■ Julie Budria incarne sainte Marguerite-Marie Alacoque dans Sacré Cœur, le docu-fiction réalisé par Sabrina et Steven Gunnell, coproduit et distribué par Saje.
I - Tu ne porteras pas de faux témoignage ni ne mentiras
Réalisé par un ancien membre du boys band Alliage et sa compagne, le film « Sacré-Cœur », sous-titré « son règne n’a pas de fin », est présenté comme un docufiction en raison de quelques scénettes illustrant les propos des intervenants. Tout juste passable en raison d’une mise en scène scolaire et d’une écriture fragile, le film aurait dû rapidement sombrer dans un oubli somme toute mérité. Et pour cause, s’il suffisait d’exhumer la figure de sainte Marguerite Marie – aussi emblématique soit-elle – à travers une reconstitution sommaire pour remplir les salles de cinéma, nombreux seraient les cinéastes amateurs à emboîter le pas à l’ancienne starlette. Ainsi pouvons-nous légitimement nous demander les raisons de l’omniprésence de ce docu-fiction au sein des médias Bolloré et affiliés. Le financement partagé entre les milliardaires d’extrême droite Pierre-Édouard Stérin, Vincent Bolloré et la société Ze Watchers de Chantal Barry ainsi qu’un casting discutable lèvent le voile sur ce mystère.

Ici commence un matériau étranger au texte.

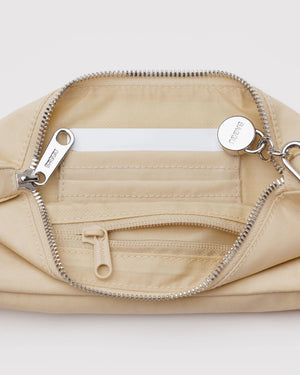 Nylon Pochette Bag - Custard - Hello World Modern Mercantile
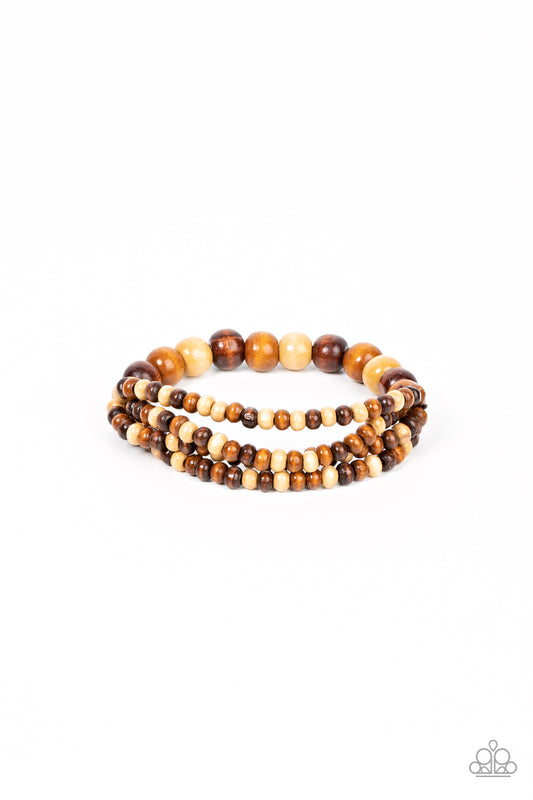 Oceania Oasis - Brown Bracelets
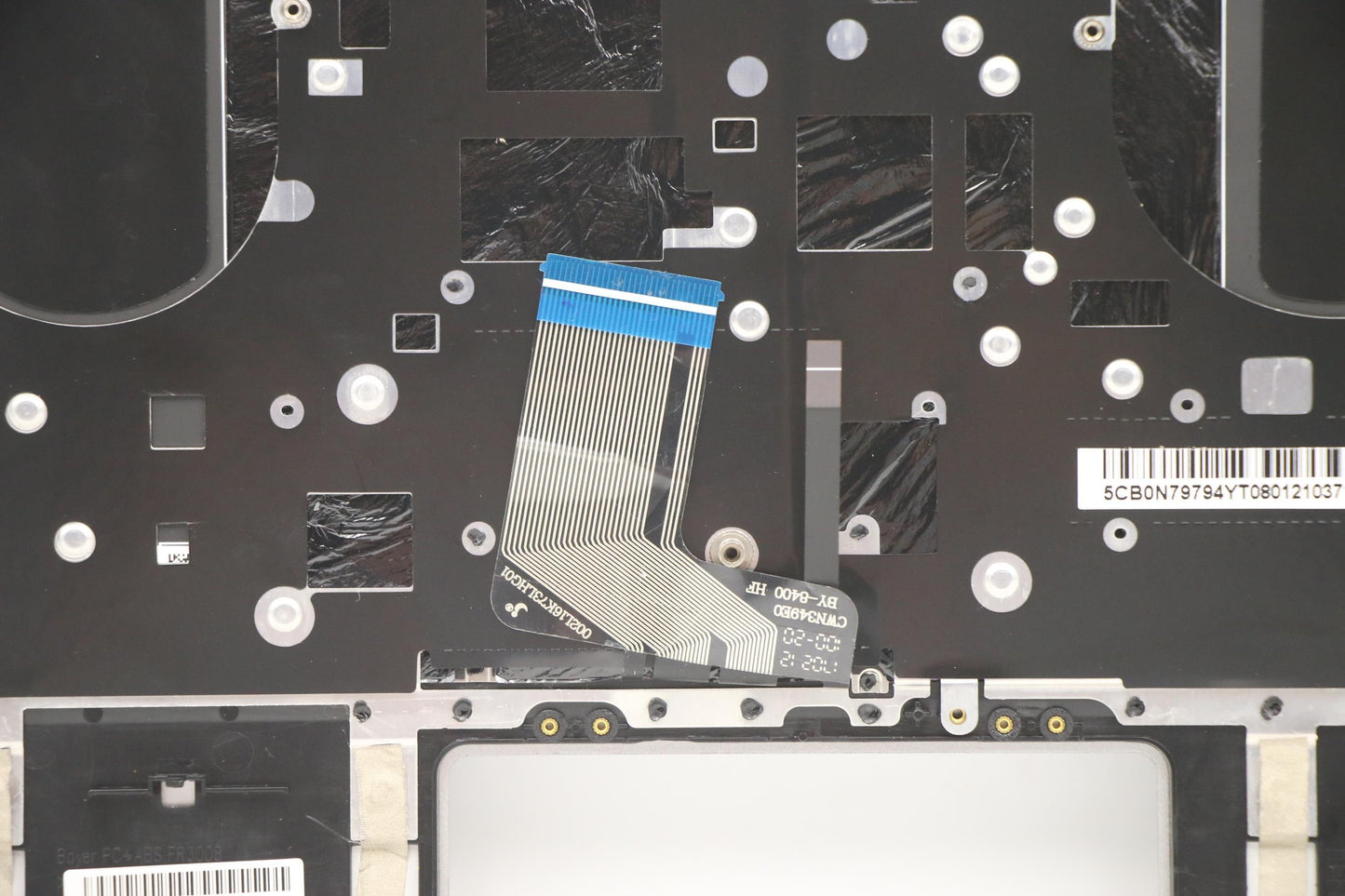 Lenovo Uppercase C 80Xc Sr W/Kb Fp Bl - 5CB0N79794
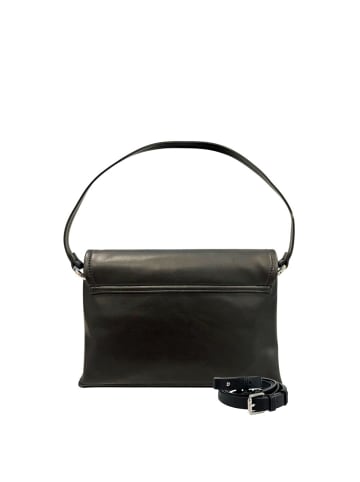 Twinset Schwarz PU Damen Schulter Tasche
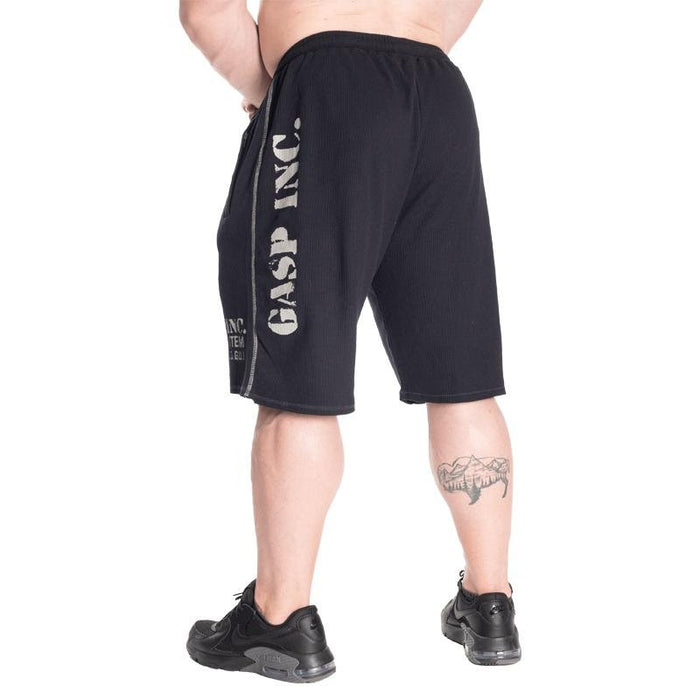 GASP Thermal Shorts - Asphalt - Thermal Shorts at MySupplementShop by Gasp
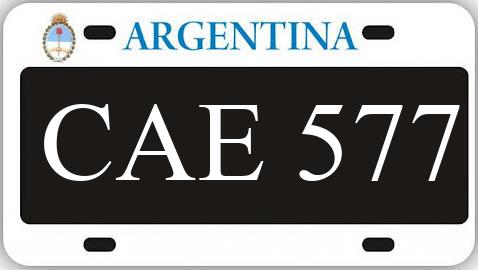 Patente CAE577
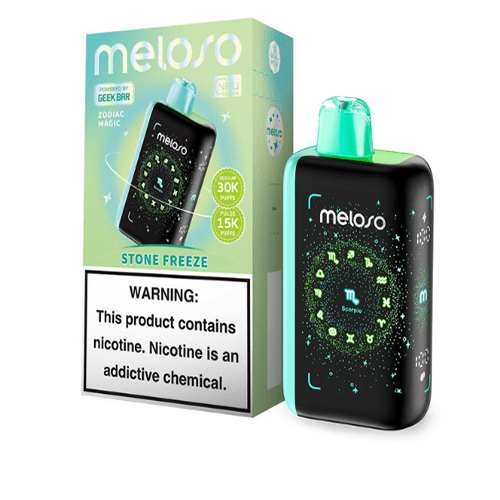 Geek Bar Meloso Bar 30K Disposable Vape 30000 Puffs DISPOSABLE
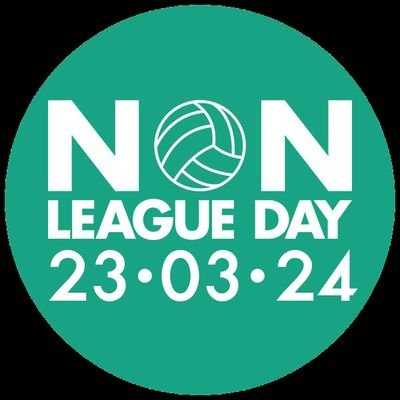 Non-League Day will take place on 23rd March 2024 next season.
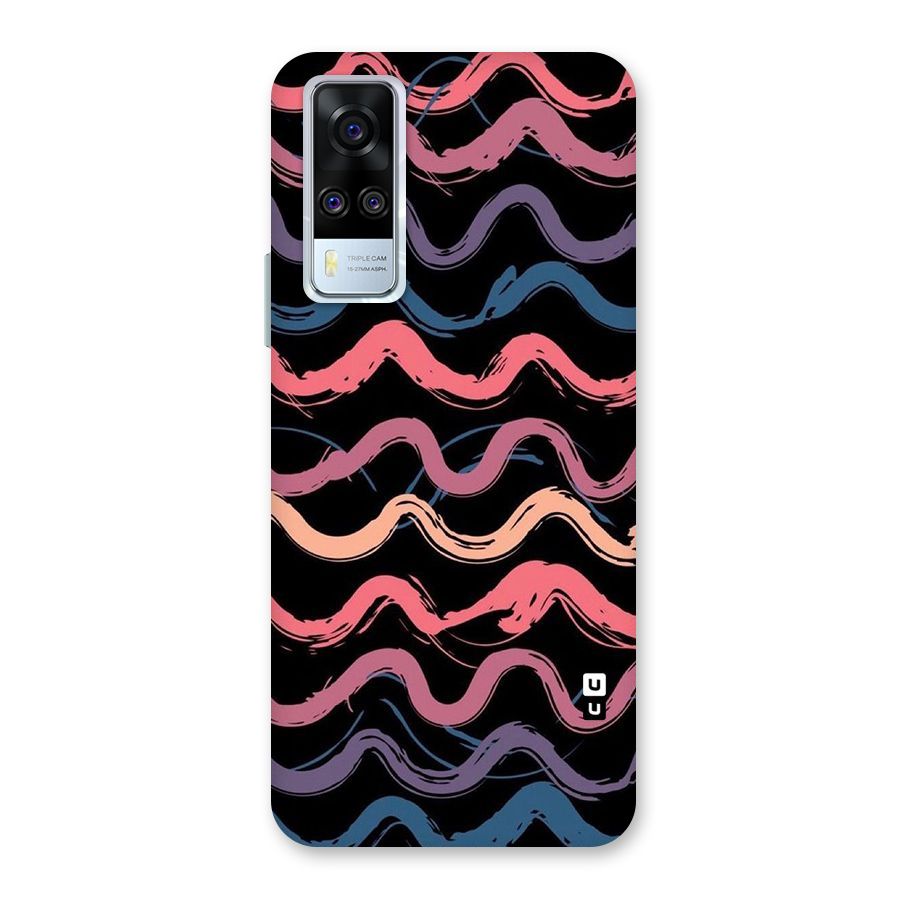 Ribbon Art Back Case for Vivo Y31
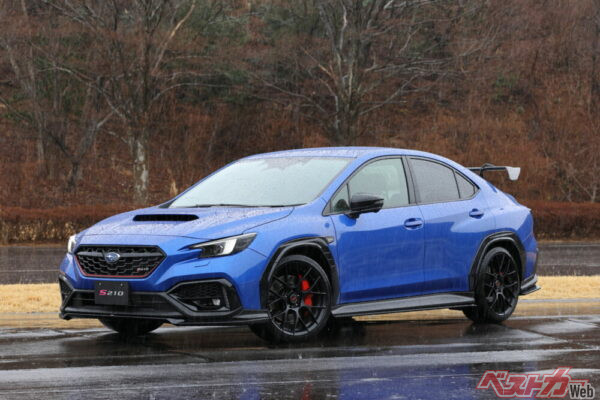 先日発表されたWRX S4 “S210”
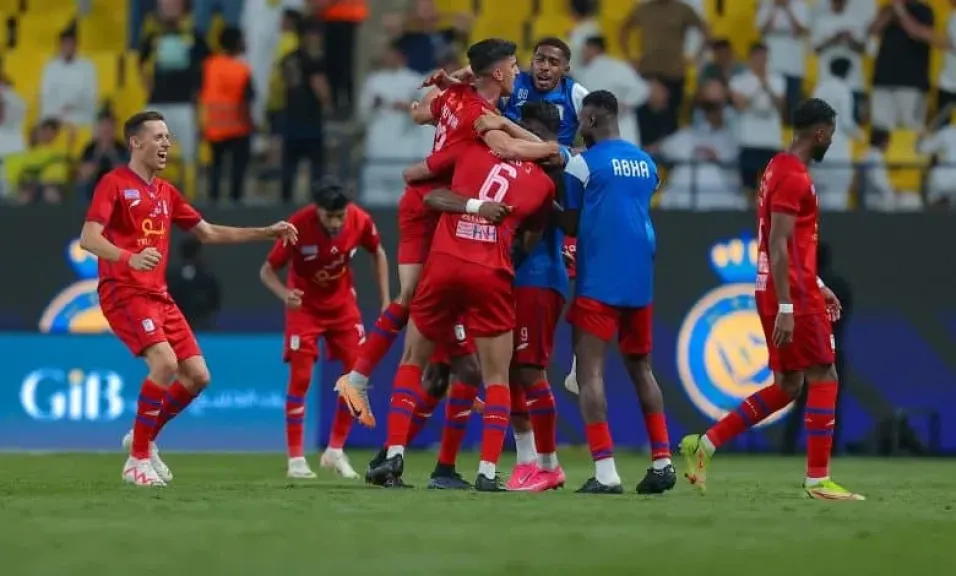 موعد مباراة نيوم وأبها اليوم في الدوري السعودي والقنوات الناقلة
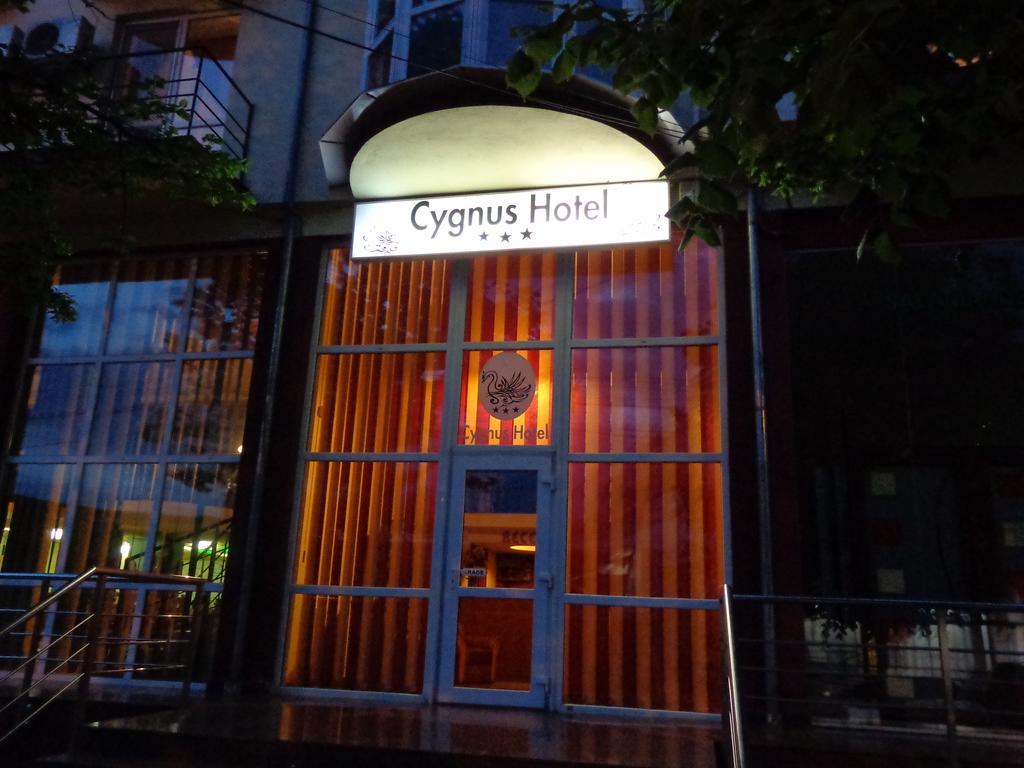 Hotel Cygnus Tulcea Exterior foto
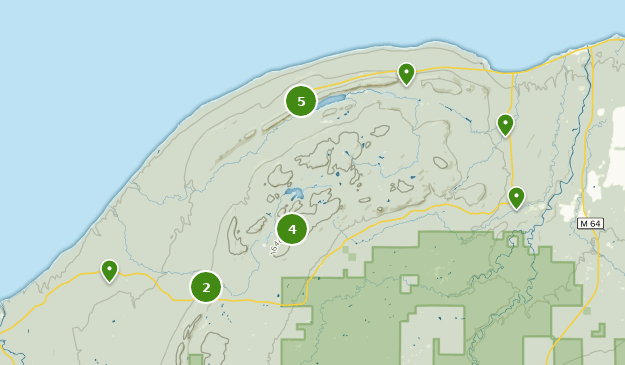 Best River Trails in Porcupine Mountains Wilderness State Park | AllTrails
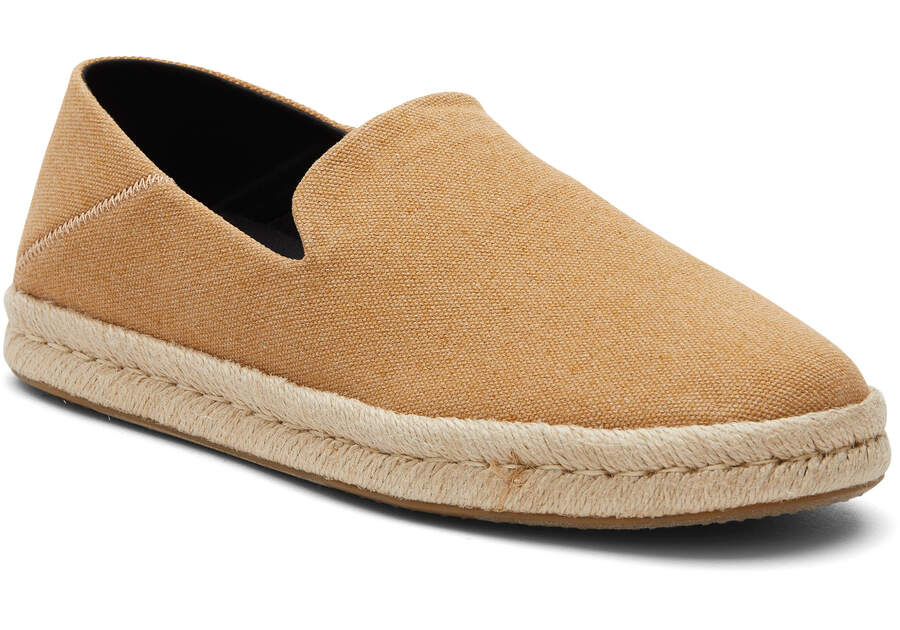 Doe Toms Santiago Recycled Cotton Canvas Australia Sale | AU675-628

Il semblerait qu’en y regardant de plus près, le très moyen “Sacré-Cœur” se révèle un film prosélytique qui place au devant de la scène des protagonistes à la moralité douteuse et aux idées réactionnaires. Nous retrouvons l’abbé Matthieu Raffray, prêtre traditionnaliste devenu influenceur agréé par Progressif Média, l’agence de communication du groupe Vivendi et de Ze Watchers, société de Chantal Barry, amie et mentor de Vincent Bolloré, dont le dessein a longtemps été d’évangéliser la télé-réalité.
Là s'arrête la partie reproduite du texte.